Haven't seen that thing in a while!!!

I would use the basics from that manual, but any more than that and its real complex for what he needs. The Canadian version in the ACP125 CANSUPP 1(C), which has to be ordered from D Sigs. Either that, or find a friendly SigOp and we'll get you one.


----------



## mycocobean (7 Nov 2010)

He must have searched the wrong thing then. Thank you!


----------



## chavez243ca (30 Dec 2014)

Civilian in need of assistance here... I am working on a piece of fiction which includes a storyline involving some CF reservists. For the sake of authenticity I need some examples of dialogue in the correct vernacular - call signs, military slang - that sort of thing. Any assistance is greatly appreciated.

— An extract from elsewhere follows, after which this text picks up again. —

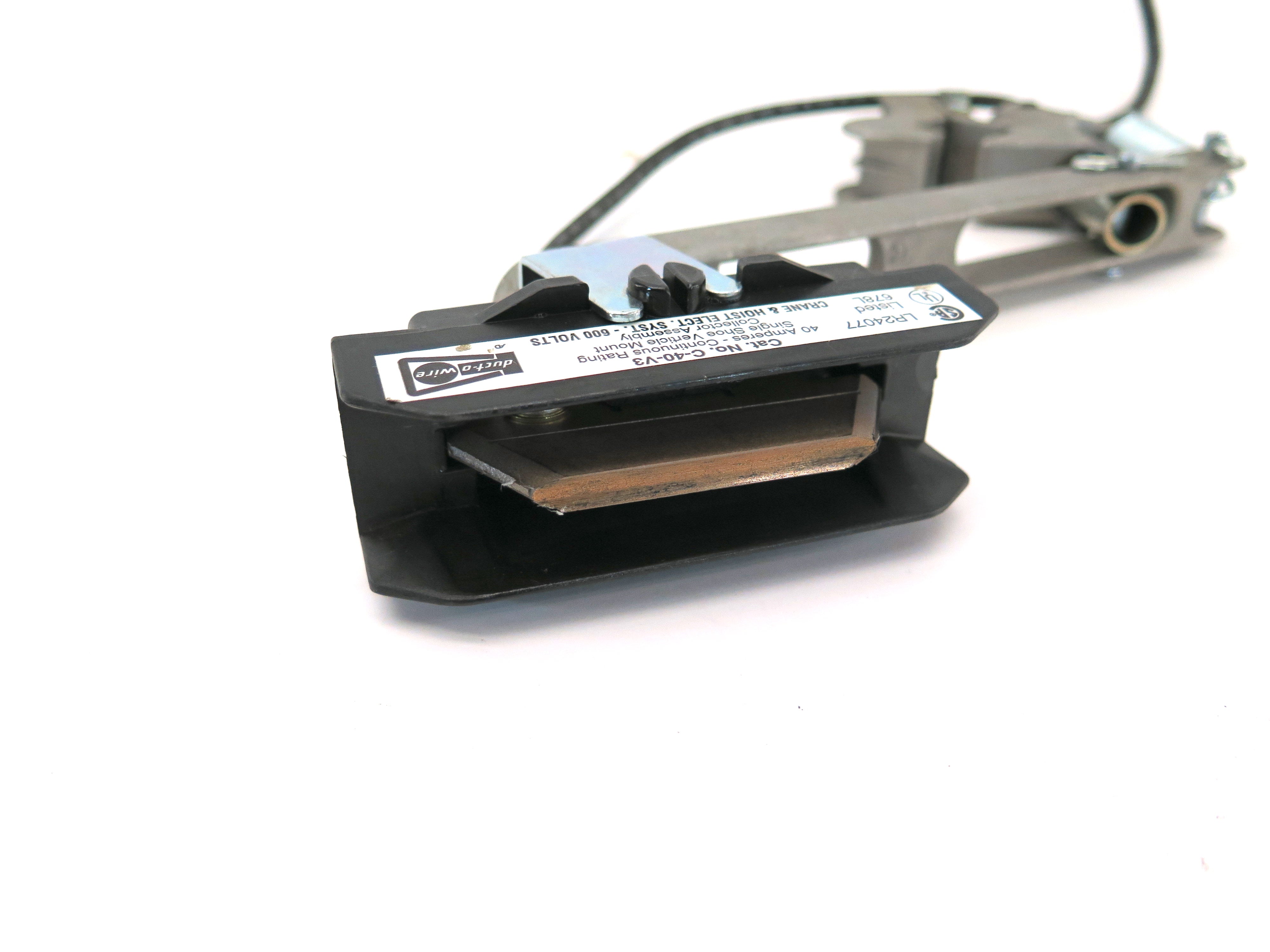 Duct-O-Wire C-40-V3 40A Continuous Rating Single Shoe Verticle Mount - Advance Operations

We can do it inline here, or take it offline via email etc.

Thanks in advance.


----------



## chavez243ca (30 Dec 2014)

mariomike said:
			
		

> Radio Procedures.
> https://army.ca/forums/threads/97457/post-988690.html#msg988690
> 
> Reply #2.



131 pages - yikes! 

Thanks for the link, looks like I have some reading to do.


----------



## Kat Stevens (30 Dec 2014)

Mike the linkmeister strikes again!


----------



## Occam (30 Dec 2014)

I don't even remember posting that...but I can't remember what I had for breakfast, either.   :dunno:


----------